Os livros “Cinema contra Cinema”, de Joaquim Canudo Almeida (1931), e “Cinema e Educação”, de Jonathas Serrano e Francisco Venâncio Filho (1931), são as primeiras tentativas, no Brasil, de organizar o uso do filme dentro do espaço escolar. Segundo Alvarenga essas ações levaram o governo federal a criar um decreto em prol do cinema e educação. O decreto 21.240, de 1932 que prevê a criação de uma Taxa Cinematográfica para Educação Popular, bem como a criação de um órgão especial ligado ao Ministério da Educação e Saúde Pública.
A década de 1930 com o surgimento do novo governo revolucionário de Getúlio Dorneles Vargas cria outros debates dentre eles sobre a educação uma disputa entre a igreja católica que era contra a laicização do ensino o que fazia a igreja ser contra o movimento da Escola Nova que era um grupo de professores e pesquisadores que desejavam modificar o modo como a educação brasileira está sendo conduzida, e uma delas tirar a visão religiosa que as escolas da época apresentavam. O cinema fica no alvo do governo e de professores pois contribui na forma que o cidadão, no caso aluno, passa a ver a sociedade.

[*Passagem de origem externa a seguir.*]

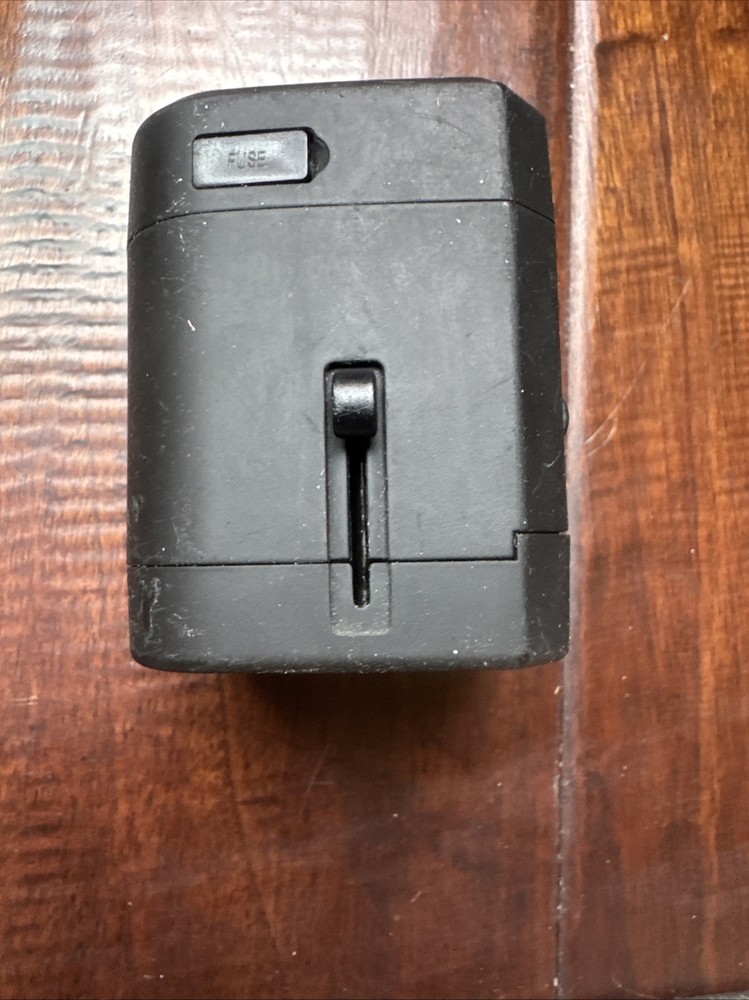 Loop LE-TA01 World Travel Adapter Plug Universal Converter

Esse debate se estende para a criação de um convênio que debatesse essa relação entre cinema e educação, sendo assim no dia 3 de janeiro de 1933, o Convênio Cinematográfico Educativo foi aberto com um discurso de Roquete Pinto, defendendo o uso do Cinema no processo educacional. Roquette-Pinto apresenta propostas do Cinema Educativo para contribuir com a sociedade.
Não é raro encontrar, mesmo no conceito de pessoas esclarecidas, certa confusão entre o cinema educativo e o cinema instrutivo. É certo que os dois andam sempre juntos e muitas vezes é difícil ou impossível dizer onde acaba um e começa o outro, distinção que aliás não tem de fato grande importância na maioria das vezes. No entanto é curioso notar que o chamado cinema educativo, em geral não passa de simples cinema de instrução. Porque o verdadeiro educativo é outro, grande cinema de espetáculo, o cinema da vida integral. Educação é, principalmente ginástica do sentimento, aquisição de hábitos e costumes de moralidade, de higiene, de sociabilidade, de trabalho e até de vadiação…Tem que resultar do atrito diário da personalidade com a família e com o povo. A instrução dirige-se principalmente à inteligência. O indivíduo pode instruir-se sozinho, mas não se pode educar senão em sociedade. (Alvarenga, 2012)
Debates como esse sobre o que é o cinema e como usá-lo no espaço escolar contribuíram para que, no dia 3 de janeiro de 1933, o Convênio Cinematográfico Educativo fosse aberto com um discurso de Roquette-Pinto, defendendo o uso do cinema no processo educacional.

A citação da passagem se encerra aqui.